### WORK REQUEST:
From the records below, please repeat exactly the line that has "Ein Tisch mit", the line that has "Modern bedroom with large", and every line between them, and nothing else.

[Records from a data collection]
-----

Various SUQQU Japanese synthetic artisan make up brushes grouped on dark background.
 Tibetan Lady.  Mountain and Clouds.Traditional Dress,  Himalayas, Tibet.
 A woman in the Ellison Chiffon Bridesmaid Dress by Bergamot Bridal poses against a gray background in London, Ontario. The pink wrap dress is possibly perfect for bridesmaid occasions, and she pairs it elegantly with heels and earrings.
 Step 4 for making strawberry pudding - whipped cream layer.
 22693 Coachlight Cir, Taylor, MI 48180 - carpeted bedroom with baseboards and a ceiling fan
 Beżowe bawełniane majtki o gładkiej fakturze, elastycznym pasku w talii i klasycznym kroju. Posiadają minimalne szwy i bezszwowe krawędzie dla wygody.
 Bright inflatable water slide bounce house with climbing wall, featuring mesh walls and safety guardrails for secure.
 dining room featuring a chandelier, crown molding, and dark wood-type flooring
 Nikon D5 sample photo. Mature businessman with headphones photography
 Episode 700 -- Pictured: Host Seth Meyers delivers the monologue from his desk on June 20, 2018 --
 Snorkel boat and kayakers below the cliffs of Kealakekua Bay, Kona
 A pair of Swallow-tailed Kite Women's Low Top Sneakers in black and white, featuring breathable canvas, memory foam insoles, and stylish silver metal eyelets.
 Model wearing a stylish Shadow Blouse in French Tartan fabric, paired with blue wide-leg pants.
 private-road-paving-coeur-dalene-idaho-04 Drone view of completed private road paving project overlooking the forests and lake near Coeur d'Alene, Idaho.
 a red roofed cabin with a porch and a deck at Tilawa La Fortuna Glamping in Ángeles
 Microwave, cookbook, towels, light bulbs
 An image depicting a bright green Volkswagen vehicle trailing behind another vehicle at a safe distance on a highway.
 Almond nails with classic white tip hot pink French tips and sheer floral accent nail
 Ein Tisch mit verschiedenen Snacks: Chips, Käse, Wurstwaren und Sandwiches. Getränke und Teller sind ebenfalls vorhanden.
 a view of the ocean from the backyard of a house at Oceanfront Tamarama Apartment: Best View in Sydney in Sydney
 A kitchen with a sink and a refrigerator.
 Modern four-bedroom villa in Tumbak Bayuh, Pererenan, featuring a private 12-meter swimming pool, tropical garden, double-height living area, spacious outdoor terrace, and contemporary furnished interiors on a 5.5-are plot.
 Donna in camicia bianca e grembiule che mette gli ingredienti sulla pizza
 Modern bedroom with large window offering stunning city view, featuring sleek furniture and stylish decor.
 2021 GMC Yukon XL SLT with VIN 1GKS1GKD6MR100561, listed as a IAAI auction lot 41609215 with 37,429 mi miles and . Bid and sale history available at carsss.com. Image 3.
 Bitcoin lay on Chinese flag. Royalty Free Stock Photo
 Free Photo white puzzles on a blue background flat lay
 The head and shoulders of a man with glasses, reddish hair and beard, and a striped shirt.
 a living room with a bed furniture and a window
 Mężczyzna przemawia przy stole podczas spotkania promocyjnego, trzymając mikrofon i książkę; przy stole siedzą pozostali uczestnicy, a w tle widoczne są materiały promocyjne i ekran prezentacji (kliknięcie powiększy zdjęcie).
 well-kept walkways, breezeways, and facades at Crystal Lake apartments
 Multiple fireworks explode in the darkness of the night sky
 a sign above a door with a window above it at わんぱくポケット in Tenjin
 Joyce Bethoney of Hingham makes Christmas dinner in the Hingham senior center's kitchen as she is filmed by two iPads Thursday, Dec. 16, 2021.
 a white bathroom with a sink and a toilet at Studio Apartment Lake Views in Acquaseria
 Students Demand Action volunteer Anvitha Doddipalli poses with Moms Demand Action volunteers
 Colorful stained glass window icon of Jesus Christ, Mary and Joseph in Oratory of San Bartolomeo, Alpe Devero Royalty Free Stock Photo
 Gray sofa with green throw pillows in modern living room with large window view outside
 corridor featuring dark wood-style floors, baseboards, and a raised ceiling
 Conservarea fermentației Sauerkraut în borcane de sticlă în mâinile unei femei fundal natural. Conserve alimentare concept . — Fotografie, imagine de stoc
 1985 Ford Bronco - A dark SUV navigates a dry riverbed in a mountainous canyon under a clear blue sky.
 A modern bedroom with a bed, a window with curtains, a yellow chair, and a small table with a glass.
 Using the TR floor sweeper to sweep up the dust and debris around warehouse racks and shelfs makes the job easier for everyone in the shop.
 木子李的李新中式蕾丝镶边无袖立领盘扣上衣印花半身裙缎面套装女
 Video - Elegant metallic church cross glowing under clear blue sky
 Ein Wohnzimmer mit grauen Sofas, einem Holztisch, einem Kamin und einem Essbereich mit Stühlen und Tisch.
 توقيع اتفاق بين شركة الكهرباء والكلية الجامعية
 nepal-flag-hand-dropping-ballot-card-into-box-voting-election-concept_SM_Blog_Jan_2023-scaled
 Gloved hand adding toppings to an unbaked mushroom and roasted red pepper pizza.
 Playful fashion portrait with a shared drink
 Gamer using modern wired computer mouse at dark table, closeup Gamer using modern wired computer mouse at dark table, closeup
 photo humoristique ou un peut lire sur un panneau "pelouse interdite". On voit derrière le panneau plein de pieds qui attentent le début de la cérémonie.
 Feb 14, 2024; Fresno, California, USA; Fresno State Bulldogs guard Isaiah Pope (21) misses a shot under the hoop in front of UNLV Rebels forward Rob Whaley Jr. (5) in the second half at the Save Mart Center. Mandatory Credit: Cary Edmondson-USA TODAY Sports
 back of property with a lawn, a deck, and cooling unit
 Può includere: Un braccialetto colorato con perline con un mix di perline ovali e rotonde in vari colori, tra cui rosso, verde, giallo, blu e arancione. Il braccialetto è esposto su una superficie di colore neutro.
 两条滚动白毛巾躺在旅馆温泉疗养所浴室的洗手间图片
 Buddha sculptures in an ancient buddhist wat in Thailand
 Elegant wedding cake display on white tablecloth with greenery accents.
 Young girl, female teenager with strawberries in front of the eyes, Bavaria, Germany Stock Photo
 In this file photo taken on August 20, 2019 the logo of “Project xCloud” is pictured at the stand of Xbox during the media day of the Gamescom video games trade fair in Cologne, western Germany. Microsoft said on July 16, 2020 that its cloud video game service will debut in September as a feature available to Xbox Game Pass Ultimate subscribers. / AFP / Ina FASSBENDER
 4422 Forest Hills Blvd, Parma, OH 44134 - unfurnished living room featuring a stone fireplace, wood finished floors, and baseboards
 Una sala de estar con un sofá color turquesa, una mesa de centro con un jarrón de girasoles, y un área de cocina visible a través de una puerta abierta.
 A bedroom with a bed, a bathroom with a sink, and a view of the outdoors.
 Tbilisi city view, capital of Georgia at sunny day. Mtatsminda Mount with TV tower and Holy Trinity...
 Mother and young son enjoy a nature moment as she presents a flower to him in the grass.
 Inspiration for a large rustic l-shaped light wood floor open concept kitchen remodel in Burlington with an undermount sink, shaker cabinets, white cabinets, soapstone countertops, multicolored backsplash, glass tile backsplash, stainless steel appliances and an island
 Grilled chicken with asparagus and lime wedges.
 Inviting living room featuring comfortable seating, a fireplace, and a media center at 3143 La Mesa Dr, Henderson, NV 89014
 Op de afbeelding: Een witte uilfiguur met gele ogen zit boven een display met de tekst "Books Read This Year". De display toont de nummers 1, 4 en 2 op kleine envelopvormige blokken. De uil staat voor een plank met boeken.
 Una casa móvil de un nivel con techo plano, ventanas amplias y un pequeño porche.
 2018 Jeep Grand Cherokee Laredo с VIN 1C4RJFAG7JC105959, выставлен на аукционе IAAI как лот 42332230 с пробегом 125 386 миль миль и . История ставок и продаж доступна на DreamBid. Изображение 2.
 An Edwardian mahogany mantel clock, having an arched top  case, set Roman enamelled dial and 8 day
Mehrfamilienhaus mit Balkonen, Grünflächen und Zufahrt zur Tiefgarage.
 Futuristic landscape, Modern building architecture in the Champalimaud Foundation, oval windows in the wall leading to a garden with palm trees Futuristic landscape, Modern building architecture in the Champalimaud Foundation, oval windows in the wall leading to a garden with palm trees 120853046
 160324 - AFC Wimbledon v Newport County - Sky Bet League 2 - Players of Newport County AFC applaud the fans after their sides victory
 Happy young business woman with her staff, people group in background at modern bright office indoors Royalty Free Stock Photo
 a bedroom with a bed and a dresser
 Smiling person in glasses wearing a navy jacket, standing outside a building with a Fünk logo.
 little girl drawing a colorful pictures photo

-----

### REPLY:
 Ein Tisch mit verschiedenen Snacks: Chips, Käse, Wurstwaren und Sandwiches. Getränke und Teller sind ebenfalls vorhanden.
 a view of the ocean from the backyard of a house at Oceanfront Tamarama Apartment: Best View in Sydney in Sydney
 A kitchen with a sink and a refrigerator.
 Modern four-bedroom villa in Tumbak Bayuh, Pererenan, featuring a private 12-meter swimming pool, tropical garden, double-height living area, spacious outdoor terrace, and contemporary furnished interiors on a 5.5-are plot.
 Donna in camicia bianca e grembiule che mette gli ingredienti sulla pizza
 Modern bedroom with large window offering stunning city view, featuring sleek furniture and stylish decor.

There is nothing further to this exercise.